María es para todo cristiano modelo de virtudes, y «en el jardín de la Iglesia –escribía en 1852 Francisco Palau– las virtudes simbolizadas en las plantas son casi infinitas en sus especies y número». Arrancando de esta afirmación se trataba de escoger aquellas plantas o flores que mejor simbolizasen las virtudes de María. Cada día del mes de mayo tiene su lámina figurando una virtud. El texto describe brevemente la flor, explica la virtud simbolizada en ella y aclara cómo la vivió María. Ofrecerle a ella esa flor–virtud exige un compromiso serio de imitación.

Este legado del P. Palau llega a nuestros días y está muy vivo en todos los lugares donde hay una Carmelita Misionera.Las hermanas de la Provincia “San Elías” de Corea del Sur, nos han querido ofrecer en imágenes como han ido haciendo el recorrido del mes de mayo en sus comunidades.
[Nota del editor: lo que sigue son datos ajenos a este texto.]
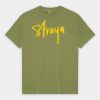 Heavyweight Cotton Unisex Garment Dyed T-Shirt Thumbnail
Cada día en comunidad han realizado el “mes de mayo” que propone el itinerario Palautiano, poniendo ante los pies de María, Madre del Carmelo y Señora de las Virtudes, la flor que simboliza la virtud a la que estamos llamadas, junto con al rezo del Santo Rosario.
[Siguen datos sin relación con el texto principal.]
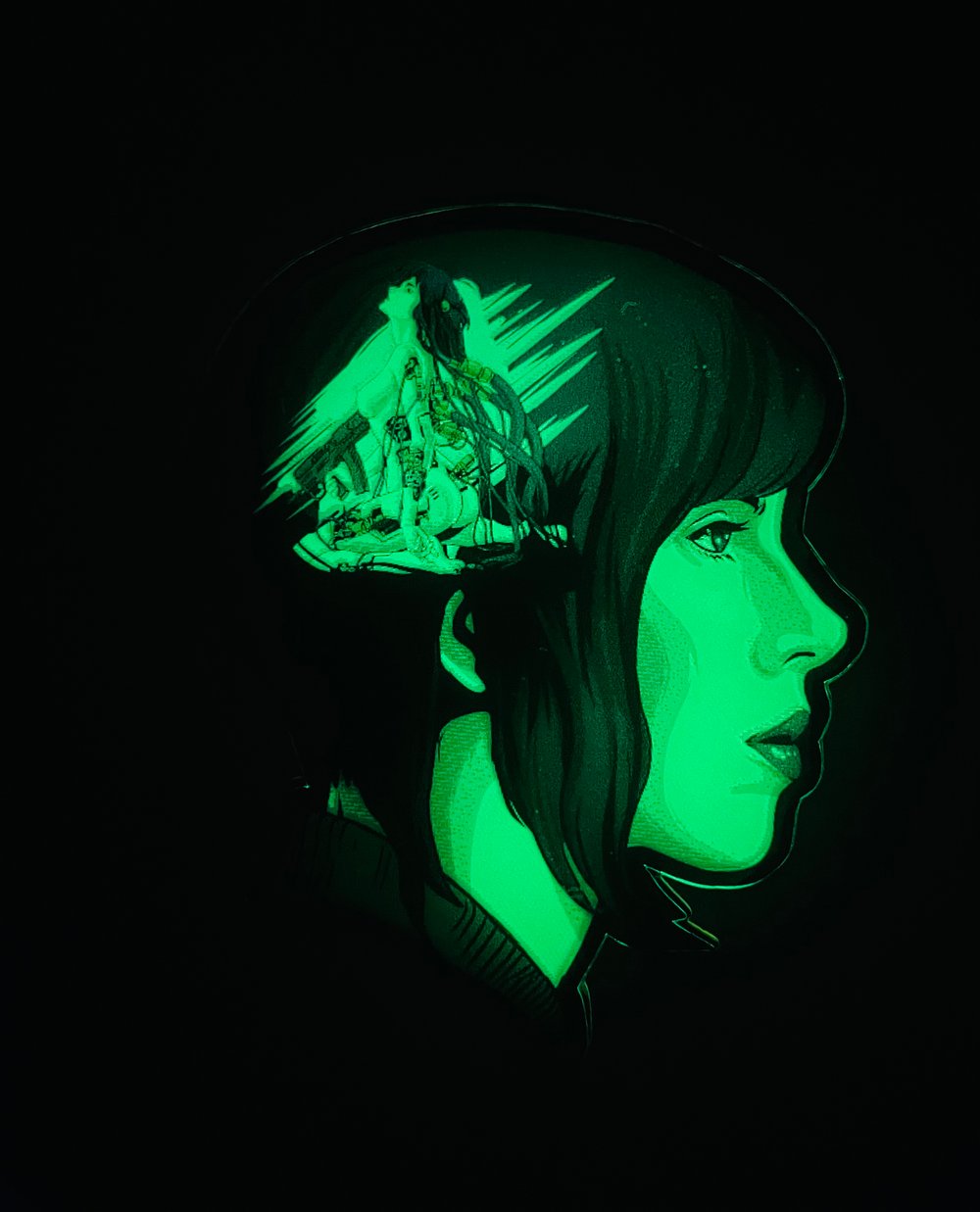 ACRYLIC SUBCONSCIOUS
El día 31 de mayo, para concluir el mes, la celebrar, María Reina y fiesta de las misiones Carmelitanas, tuvieron una celebración especial, en la que ofrecen unida a toda la iglesia, la intención del fin de la pandemia que asola a la humanidad con el Covid-19. Fue una celebración emotiva, preparada con especial esmero, donde una hermana ofreció melodía con flauta, como una ofrenda que agrada a María, y para dar solemnidad a la oración, todas las hermanas fueron ofreciendo el ramillete de virtudes, simbolizadas en las flores con la que fueron coronando a la Virgen. En esta corona están presente todas las hermanas de la Congregación, sus familias y las personas que nos piden oraciones por sus intenciones. Con esta celebración dan por finalizado este mes consagrado a María Señora de las Virtudes.